DATASET CONTENT:
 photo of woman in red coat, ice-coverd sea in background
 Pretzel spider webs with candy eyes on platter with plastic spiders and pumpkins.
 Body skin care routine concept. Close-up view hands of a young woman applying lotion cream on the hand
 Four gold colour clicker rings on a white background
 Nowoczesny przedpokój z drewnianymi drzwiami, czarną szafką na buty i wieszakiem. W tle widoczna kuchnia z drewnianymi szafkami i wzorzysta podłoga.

==

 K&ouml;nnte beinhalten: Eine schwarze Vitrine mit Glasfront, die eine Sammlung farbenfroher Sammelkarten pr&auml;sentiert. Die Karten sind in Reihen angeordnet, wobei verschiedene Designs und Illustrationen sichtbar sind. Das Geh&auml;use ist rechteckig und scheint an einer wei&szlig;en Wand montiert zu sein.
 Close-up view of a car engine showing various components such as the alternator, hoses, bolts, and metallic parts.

TASK TO CARRY OUT: Above are records; repeat only the lines starting at the line with "Body skin care" and ending at the line with "Nowoczesny przedpokój z", exactly as they appear, both included.

WRITTEN ANSWER:
 Body skin care routine concept. Close-up view hands of a young woman applying lotion cream on the hand
 Four gold colour clicker rings on a white background
 Nowoczesny przedpokój z drewnianymi drzwiami, czarną szafką na buty i wieszakiem. W tle widoczna kuchnia z drewnianymi szafkami i wzorzysta podłoga.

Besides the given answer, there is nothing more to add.